On the 20th of December, 1850, the .horses were sold by the defendant, the sale being made after sundown.
The sale was undoubtedly void. The statute (2 R. S. 466, 3d ed.) requires every sale by virtue of an execution to be between the hours of nine A. M. and the setting of the sun.
I think the referee was right in holding that the effect of this was that the proceedings of the sheriff were void ab initio. The levy was made by virtue of the execution last received by the sheriff. It was not until four months afterwards, when the defendant was about to sell the property, and after the plaintiff had objected to the sale, on the ground that the horses were exempt, that the plaintiff “turned out the property,” as the wit*11ness calls it, to the sheriff.
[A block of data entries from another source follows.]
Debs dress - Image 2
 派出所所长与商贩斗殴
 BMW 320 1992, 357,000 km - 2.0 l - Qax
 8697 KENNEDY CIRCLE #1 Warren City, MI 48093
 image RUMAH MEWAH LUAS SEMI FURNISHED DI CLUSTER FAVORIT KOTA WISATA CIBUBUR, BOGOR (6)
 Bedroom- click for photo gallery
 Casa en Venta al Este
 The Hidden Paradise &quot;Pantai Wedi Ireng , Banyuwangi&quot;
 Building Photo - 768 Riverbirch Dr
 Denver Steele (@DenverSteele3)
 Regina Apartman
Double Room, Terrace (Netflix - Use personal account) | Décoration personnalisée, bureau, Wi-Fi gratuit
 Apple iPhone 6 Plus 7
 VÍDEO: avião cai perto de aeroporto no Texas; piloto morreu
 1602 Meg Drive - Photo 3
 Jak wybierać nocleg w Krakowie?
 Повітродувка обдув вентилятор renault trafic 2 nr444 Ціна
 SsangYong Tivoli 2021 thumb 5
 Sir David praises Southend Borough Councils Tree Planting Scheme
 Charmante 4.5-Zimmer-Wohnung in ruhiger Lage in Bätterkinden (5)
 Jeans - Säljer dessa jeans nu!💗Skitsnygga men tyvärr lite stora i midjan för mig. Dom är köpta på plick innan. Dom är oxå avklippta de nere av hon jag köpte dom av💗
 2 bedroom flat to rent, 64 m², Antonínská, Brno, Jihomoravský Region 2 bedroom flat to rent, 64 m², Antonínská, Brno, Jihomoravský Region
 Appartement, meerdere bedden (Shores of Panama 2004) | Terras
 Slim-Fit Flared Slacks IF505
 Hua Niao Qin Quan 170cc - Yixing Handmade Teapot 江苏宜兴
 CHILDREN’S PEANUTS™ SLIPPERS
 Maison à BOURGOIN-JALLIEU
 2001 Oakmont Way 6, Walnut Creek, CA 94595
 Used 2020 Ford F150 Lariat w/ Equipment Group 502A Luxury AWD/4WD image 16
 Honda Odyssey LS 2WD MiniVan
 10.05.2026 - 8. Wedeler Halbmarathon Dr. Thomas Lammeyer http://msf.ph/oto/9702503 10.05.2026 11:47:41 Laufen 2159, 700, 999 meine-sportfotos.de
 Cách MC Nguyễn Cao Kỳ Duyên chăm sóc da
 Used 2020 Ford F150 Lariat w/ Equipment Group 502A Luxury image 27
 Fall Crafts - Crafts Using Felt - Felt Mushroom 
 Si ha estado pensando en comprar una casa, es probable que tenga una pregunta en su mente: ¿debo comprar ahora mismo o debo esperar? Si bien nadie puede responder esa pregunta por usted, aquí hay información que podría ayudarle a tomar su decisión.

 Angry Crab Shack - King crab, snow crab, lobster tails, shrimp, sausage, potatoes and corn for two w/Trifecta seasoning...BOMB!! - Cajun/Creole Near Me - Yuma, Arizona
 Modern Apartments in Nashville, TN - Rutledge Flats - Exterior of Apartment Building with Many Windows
It was in fact nothing more than waiving a claim of exemption, to gain time; that is, it was giving a consent to what the defendant had already done and had a right to do, under the last execution. I think the defendant was acting under a claim of authority given by law, and not under authority given by the party. Under such circumstances the abuse by the defendant would make him a trespasser ab initio. (Dumont v. Smith, 4 Denio, 319. Allen v. Crofoot, 5 Wend. 508, 509.)
[Albany General Term, May 3, 1852.Parker, Wright and Harris, Justices.]
I think the referee was right in deciding that it was not proved that the property was exempt from execution. The onus probandi on that question rested on the plaintiff.
In the view I have taken, it is unnecessary to inquire whether the defendant had a right to proceed and sell after the judgments and executions were all paid except sheriff’s fees.
It was shown on the trial that on the 27th of July, 1850, the plaintiff executed a mortgage on the horses to Benjamin Barker. But I do not see how that can afford any defense to the defendant for the wrongful act committed by him. The plaintiff had a right to retain the possession of the property until he was legally dispossessed by the mortgagee.
The judgment rendered on the report of the referee must be affirmed.